11. Il résulte de ce qui précède que M. B... n'est pas fondé à soutenir que c'est à tort que, par le jugement attaqué, le tribunal administratif d'Orléans a rejeté sa demande.
Sur les conclusions à fin d'injonction :
12. Le présent arrêt, qui rejette les conclusions à fin d'annulation de M. B..., n'appelle aucune mesure en vue de son exécution. Les conclusions à fin d'injonction sus astreinte présentées par l'intéressé ne peuvent, par suite, qu'être rejetées.
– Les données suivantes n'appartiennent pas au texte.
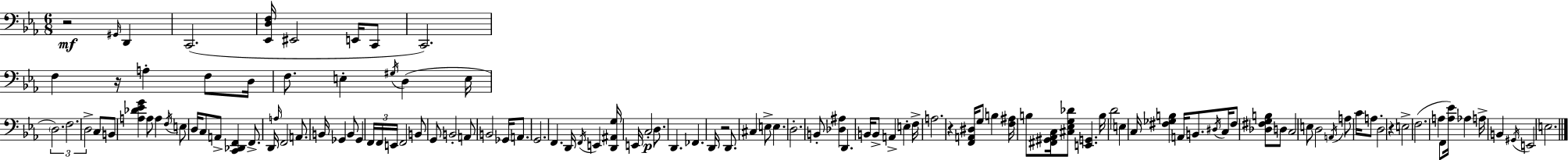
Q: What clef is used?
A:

Sur les frais liés au litige :
13. Les dispositions de l'article L. 761-1 du code de justice administrative font obstacle à ce que l'Etat, qui n'est pas la partie perdante dans la présente instance, verse à M. B... la somme que celui-ci réclame aux titres des frais qu'il a exposés non compris dans les dépens.
D E C I D E :
Article 1er : La requête de M. B... est rejetée.
Article 2 : Le présent arrêt sera notifié à M. C... B... et au ministre de l'intérieur.
Copie en sera adressée au préfet du Loiret.
Délibéré après l'audience du 18 juin 2020, à laquelle siégeaient :
- Mme Perrot, président,
- M. A..., premier conseiller,
- M. Berthon, premier conseiller.
Lu en audience publique le 3 juillet 2020.
Le rapporteur
A. A...
Le président
I. Perrot Le greffier
R. Mageau
La République mande et ordonne au ministre de l'intérieur en ce qui le concerne, et à tous huissiers de justice à ce requis en ce qui concerne les voies de droit commun contre les parties privées, de pourvoir à l'exécution de la présente décision.